Lately there is much talk of the surge in natural gas supplies, their falling prices, and predictions of greatly expanded use. Two key technologies, hydraulic fracturing (fracking) and horizontal drilling, have made accessible enormous quantities of an unconventional resource shale gas. The Energy Information Administration of the Department of Energy estimates technically recoverable shale gas resource at 827 trillion cubic feet (tcf), almost four times the proved reserves of natural gas of 245 tcf. There are also an estimated 1500 tcf of unproved conventional resources, and a good fraction of these may also become available at some pint in the future.
When expressed in CMO units (cubic mile of oil equivalents) the proved reserves, shale resource, and unproved resources are only 1.6, 5.4, and 9.8 CMO respectively, and it is clear that they can only make a modest contribution to the overall global energy scene.

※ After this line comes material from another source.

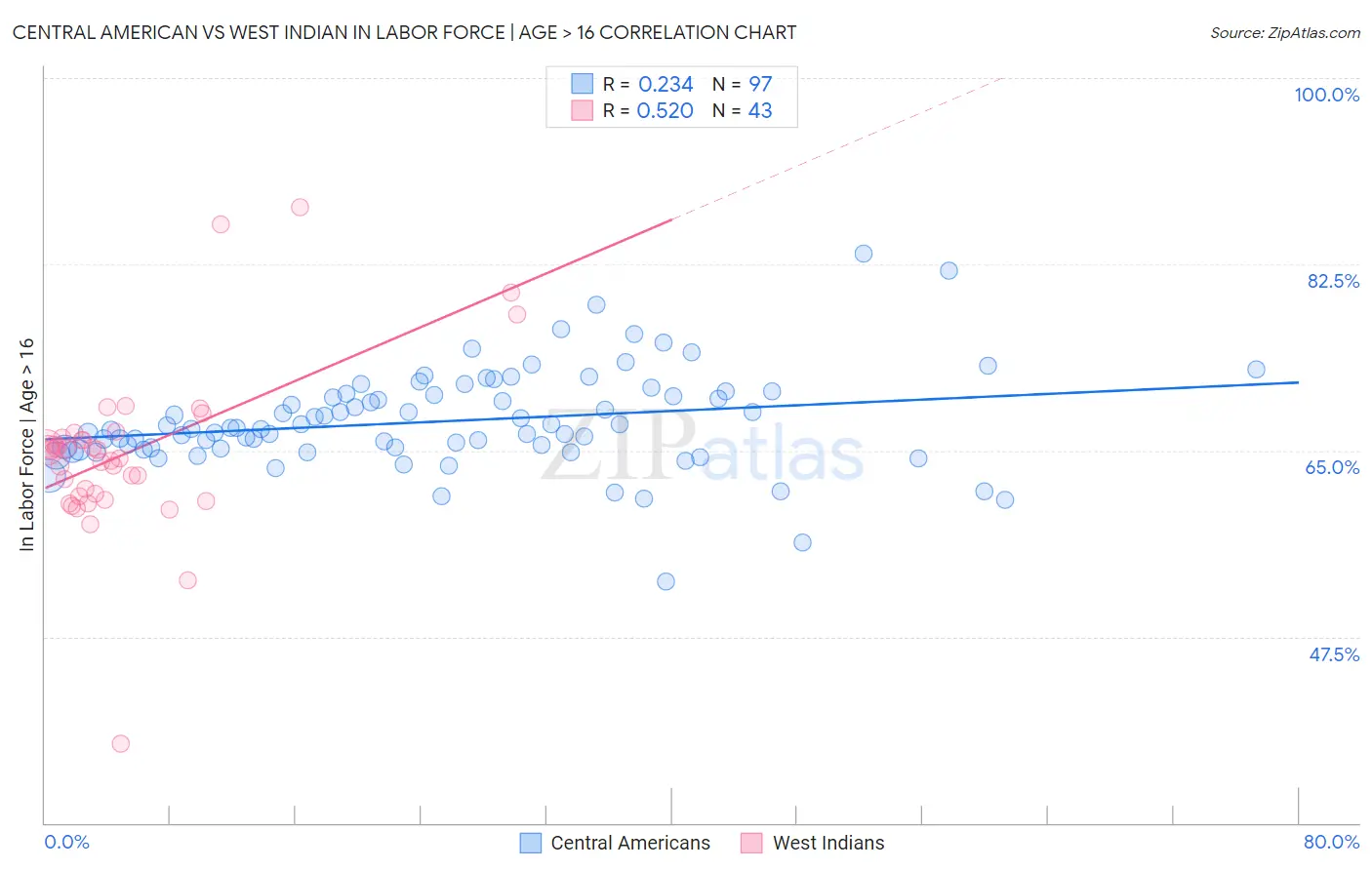 Central American vs West Indian In Labor Force | Age > 16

The unleashing of natural gas from shale is good news. About a third of the natural gas is used for producing hydrogen, which in turn is used industrially to refine fuels or produce fertilizers. The large availability of natural gas at relatively low cost has allowed US refineries to increase their output. Monthly exports of finished petroleum products hovered around 25 millions barrels per month for 20 years between 1985 and 2005. Since 2005, the monthly exports of finished products from the US have grown to about 80 million barrels per month, which has also helped with the balance of payments.
The shale gas provides the US with an energy resource that is much cleaner than coal and has about one-half its carbon footprint. Natural gas-fired power plants operating in combined cycle mode (NGCC) emit less than 400 g CO2/Kwh, whereas a typical coal-fired plant emits 850 g for the same kWh. Natural gas power plants also have low capital expense: about $700/Kw capacity compared to $1400-$2000 per kW for a coal-fired plant. In the past, the gas price was high, and so the natural gas was generally used for providing power during periods of peak demand, while the coal-fired or nuclear plants were used for base power. However, if the gas price is low (<$2.00/MMBtu), there is no reason why NGCC plants could not be used to provide base power.

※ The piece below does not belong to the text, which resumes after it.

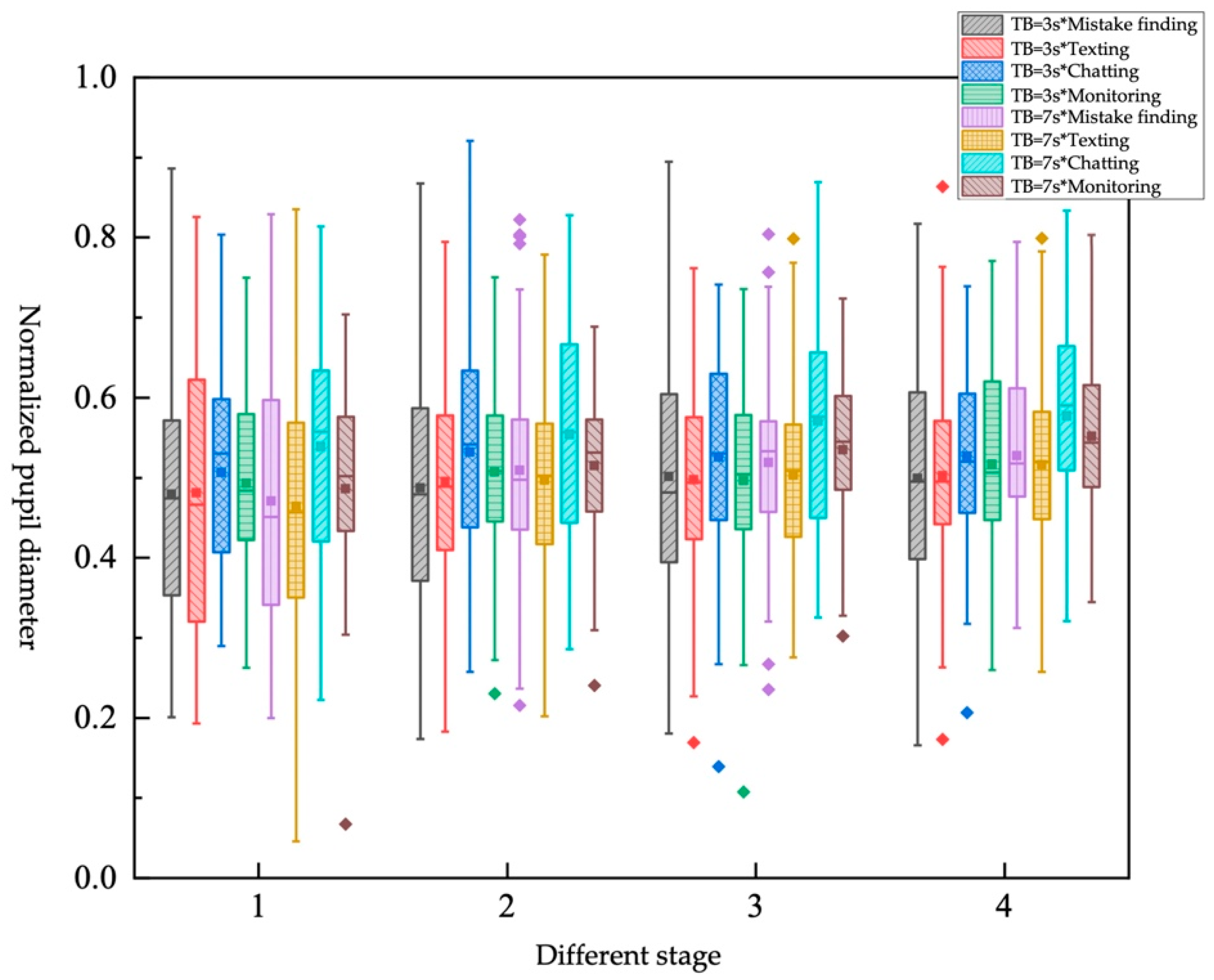Ijerph 19 01834 g013 550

A few years ago the US was slated on becoming a major gas importer, in anticipation of which facilities from handling liquefied natural gas (LNG) were being built. Now it appears that US could make use of those facilities for exporting LNG. Since shutting down most of their nuclear plants, Japan and Germany have increased import of natural gas. LNG export represents a likely expansion market for US natural gas.
Apart from its use in electric power production, natural gas can also be used to fuel transportation. Although its lower volumetric energy density than gasoline or diesel may pose challenges to its use in certain types of vehicles, there exist ample opportunities for its use in delivery vans, buses, and even long-haul trucks where its operating cost advantage could outweigh the initial outlay for conversion and installing a larger tank or the inconvenience of more-frequent fueling.
The current annual consumption of natural gas in the US is around 22 tcf, and the added shale gas is a very welcome relief as is portends a supply of about 38 years—but that is at the current rate of consumption. If the consumption continues to increases at its historical average of 2.0%/yr this amount would be exhausted in 29 years, and even sooner at a higher growth rate as is expected from the opening of newer markets. The best part of it is that it buys us time to develop alternatives that can make a lasting impact.